A whopping 60 percent of students in the region, including those in Cambodia, are enrolled in education systems that are grappling with “learning crises” and are failing to provide them with the skills they need to succeed, according to a new report released by the World Bank on Thursday.
That percentage represents a total of 97.9 million students – some 3.5 million in the Kingdom – according to the report.
The report says the other 40 percent, or 63.8 million of the East Asia and the Pacific region’s students, are enrolled in top-performing or above-average systems, in countries like China and Vietnam.
“Yet up to 60 percent of students in East Asia and Pacific are in poorly performing school systems where performance in key subjects is either low or unknown,” the report reads. “Students in rural Cambodia, Indonesia, or the Lao People’s Democratic Republic may perform farm duties before having to undertake a long walk to an ill-equipped rural school and sit in a classroom staffed by an underprepared teacher.”
Education Minister Hang Chuon Naron couldn’t be reached for comment, and ministry spokesman Ros Salin didn’t respond to a request for comment.
In Cambodia and East Timor, more than 30 percent of all grade-2 students cannot read a single word, the study found, although in the case of the Kingdom, researchers used data from 2012 for this particular finding.
Amer Hasan, one of the report’s co-authors, said he was unable to provide the current rate.
Sam Oeun Chin, education officer at Action Aid, said only 50 percent of primary school students passed a 2017 national assessment of reading and writing conducted by the Ministry of Education.
Oeun Chin, meanwhile, wasn’t taken aback by the finding that Cambodia’s education system was failing to provide students with adequate skills.
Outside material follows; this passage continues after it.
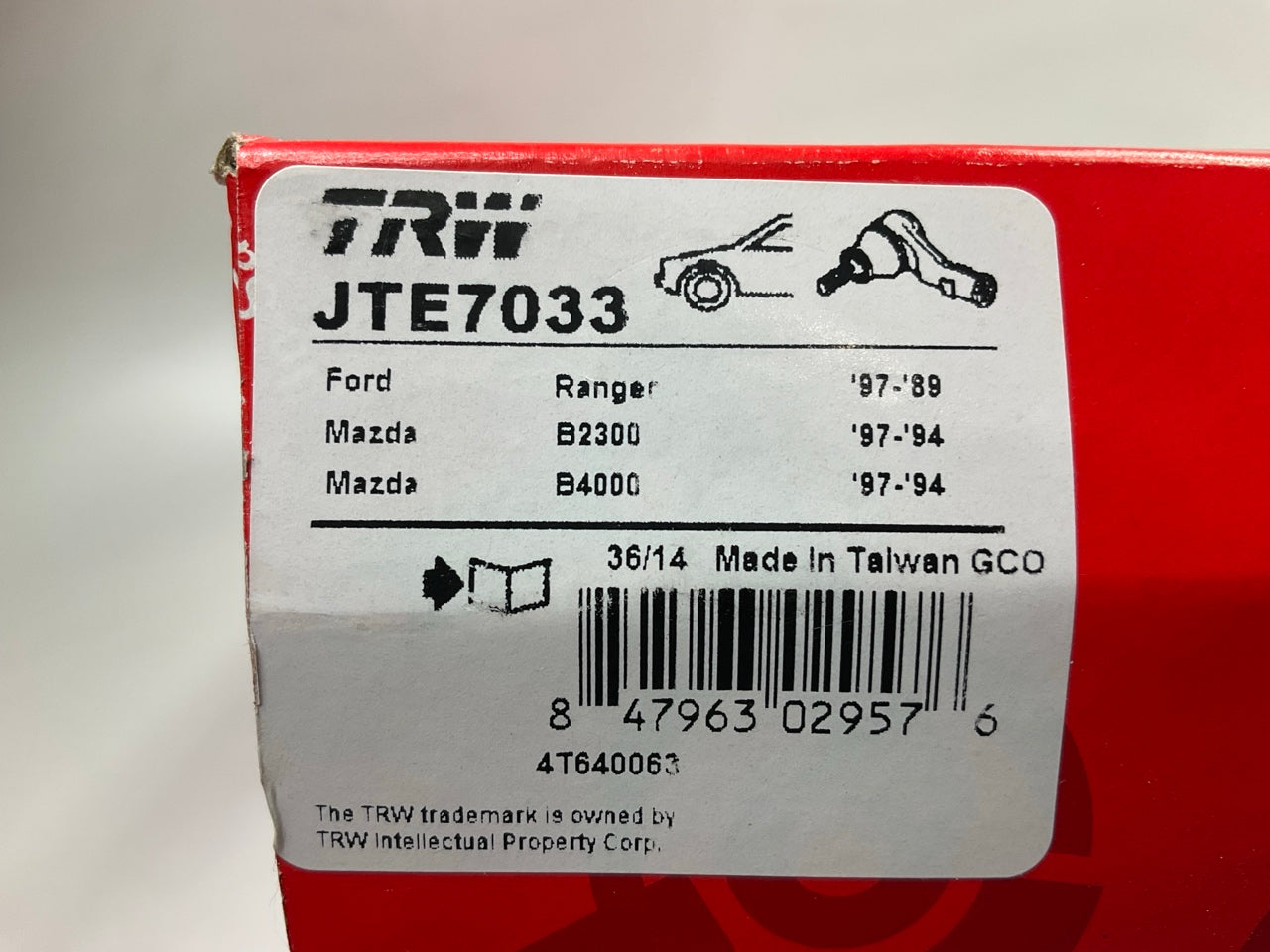 TRW JTE7033 Front Left Inner Steering Tie Rod End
For example, he said, the Education Ministry in 2006 approved a policy to provide life skills at the primary level, but there are still limitations.
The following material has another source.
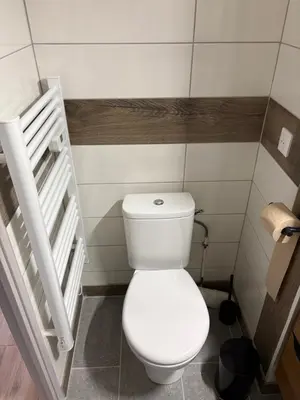 a bathroom with a white toilet in a room at Studio 2 personnes situation idéal a Sallanches 74400 in Sallanches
“I think something has to improve so [schools] can provide skills for [students] to succeed in real life,” he said.
“There are some gaps in the implementation of policy.” He added the Education Ministry is in the process of updating outmoded policies.
San Chey, executive director of the Affiliated Network for Social Accountability, said he disagreed that the education system in Cambodia is at a point where it’s facing a crisis, although he allowed that “primary education is a concern”, along with education equity.
“I do not agree with all of this report, but I observe that the knowledge [and] learning outcomes between students in downtown and rural areas are different due to various reasons of family factors, learning opportunities and teaching quality,” he said.
Many of the low-performing education systems, such as the ones in Cambodia, Indonesia, Myanmar and the Philippines, have implemented teacher reforms with “varying degrees of success”, the report says.
“Comprehensive reform requires a sober assessment of capacity and constraints, area of high impact with ‘leapfrog’ potential and the steps to be performed,” the report reads.